Dalam waktu yang singkat tersebut kami harus mengemas konsep kegiatan psikoedukasi secara menarik, seru namun pesan juga harus mampu tersampaikan kepada para siswa secara tepat. Dalam penyuluhan ini ada 3 mahasiswa yang bertugas, yaitu satu menjadi moderator dan 2 lainnya bertugas menyampaikan materi. Acara dimulai dengan perkenalan singkat,  setelahnya kami adakan ice breaking untuk mencairkan suasana agar siswa dapat bersemangat kembali. Setelah siswa mulai bersemangat kembali, barulah pemateri pertama memberikan penjelasan tentang arti bullying, siapa saja pelaku bullying itu dan apa saja bentuk perilakunya. Setelah itu, dilanjutkan oleh pemateri 2 yang menjelaskan tentang usaha pencegahan perilaku bullying baik secara asertif maupun  berdasarakan  konsep diri dari teori psikologi self acceptance yang dikembangkan Carol Ryff. Kegiatan ini juga diselingi bermain peran, sesi tanya jawab dengan kuis berhadiah dan beberapa fakta serta mitos tentang “bullying” yang harus diketahui siswa.

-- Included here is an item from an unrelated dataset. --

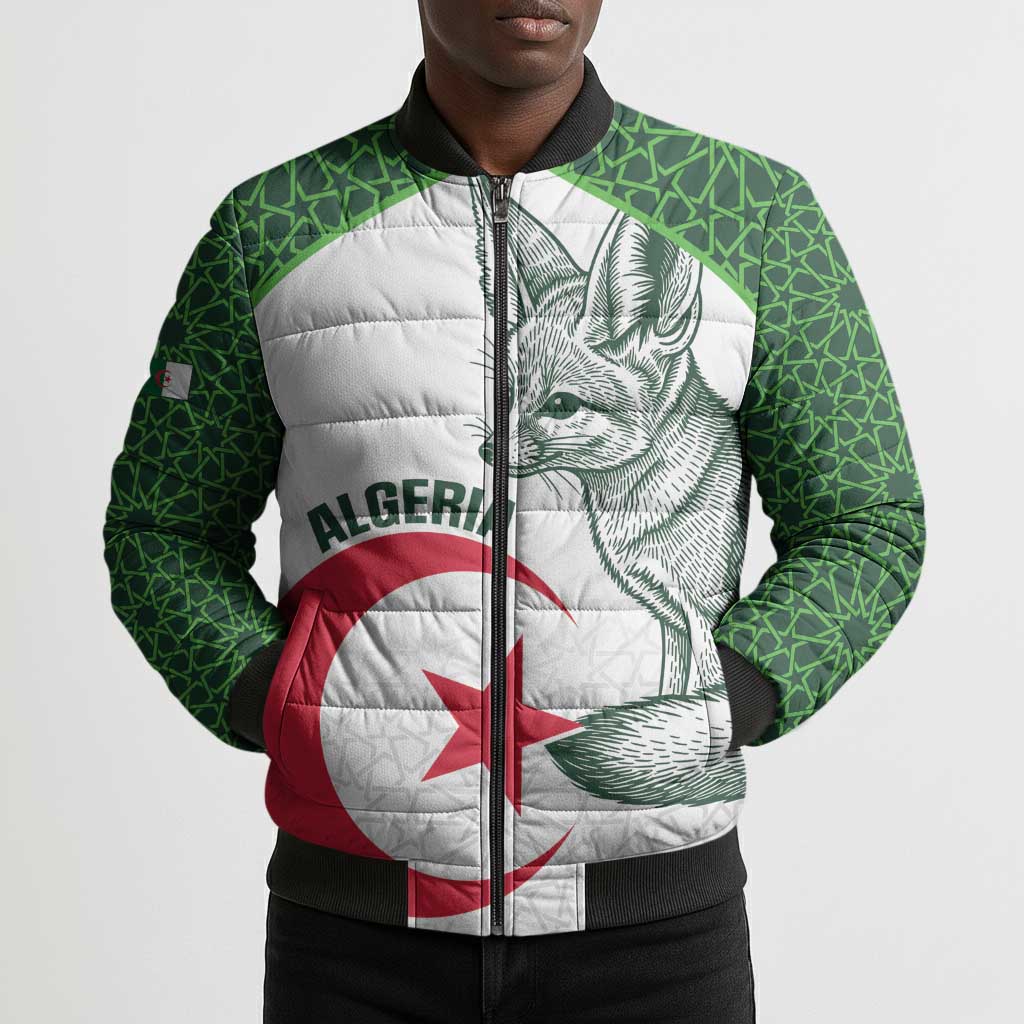 Custom Algeria Football Bomber Puffer Jacket 2026 Go Greens Fennec With Islamic Pattern - Wonder Print Shop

Menurut Coloroso (2007:14) bullying merupakan tindakan intimidasi yang dilakukan pihak yang lebih kuat terhadap pihak yang lebih lemah, tindakan penindasan ini dapat diartikan sebagai penggunaan kekuasaan atau kekuatan untuk menyakiti seseorang atau kelompok sehingga merasa tertekan, trauma, dan tidak berdaya. Tindakan ini juga dilakukan secara berulang. Bullying bukanlah perilaku baru. Perilaku ini sudah terjadi sejak lama namun mungkin istilah “bullying” baru dikenal akhir-akhir ini.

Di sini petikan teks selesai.